What is the thyroid?
The thyroid is a small, butterfly-shaped gland located just below the Adam's apple. This gland plays a very important role in controlling the body's metabolism, that is, the rate at which the body uses energy. It does this by producing thyroid hormones (primarily thyroxine, or T4, and triiodothyronine, or T3), chemicals that travel through the blood to every part of the body. These thyroid hormones tell the cells in the body how fast to use energy and create proteins. The thyroid gland also makes calcitonin, a hormone that helps to regulate calcium levels in the blood by inhibiting the breakdown (reabsorption) of bone and increasing calcium excretion from the kidneys.
The body has an elaborate feedback system to control the amount of T4 and T3 in the blood. When blood levels decrease, the hypothalamus releases thyrotopin-releasing hormone, which in turn causes the pituitary gland to release thyroid-stimulating hormone (TSH). TSH stimulates the thyroid gland to produce and secrete thyroid hormones. When there is sufficient thyroid hormone in the blood, the amount of TSH decreases to maintain constant amounts of thyroid hormones, T4 and T3.

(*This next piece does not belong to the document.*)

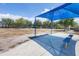 Community playground area featuring a blue awning covered seating with benches, with a grassy, treed area in the background at 12237 Longview Lake Cir, Bradenton, FL 34211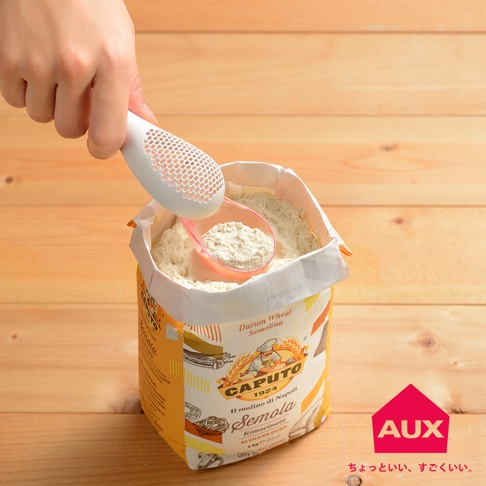 手持白色帶有網狀篩孔的調理專用撒粉器，正在從一包黃色包裝的CAPUTO Semola麵粉中舀取細緻的白色麵粉。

Inside the thyroid, most of the T4 is stored bound to a protein called thyroglobulin. When the need arises, the thyroid gland creates more T4 and/or releases some of what is stored. In the bloodstream, most T4 is bound to a protein called thyroxine-binding globulin (TBG) and is relatively inactive. T4 is converted to T3 by the liver and in many other tissues. T3 is primarily responsible for controlling the rate of body functions.